__DATA TO PROCESS__:
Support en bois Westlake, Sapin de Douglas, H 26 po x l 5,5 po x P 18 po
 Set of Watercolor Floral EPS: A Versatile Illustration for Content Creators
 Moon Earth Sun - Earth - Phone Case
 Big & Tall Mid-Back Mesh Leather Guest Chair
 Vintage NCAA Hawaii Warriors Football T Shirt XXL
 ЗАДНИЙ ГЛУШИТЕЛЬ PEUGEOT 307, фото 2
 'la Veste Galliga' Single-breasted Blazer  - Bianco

__ABOUT THIS TASK__:
Each line above, from the one that contains "Vintage NCAA Hawaii" to the last line of the records, should be repeated exactly. Leave out all others.

__EXERCISE SOLUTION__:
 Vintage NCAA Hawaii Warriors Football T Shirt XXL
 ЗАДНИЙ ГЛУШИТЕЛЬ PEUGEOT 307, фото 2
 'la Veste Galliga' Single-breasted Blazer  - Bianco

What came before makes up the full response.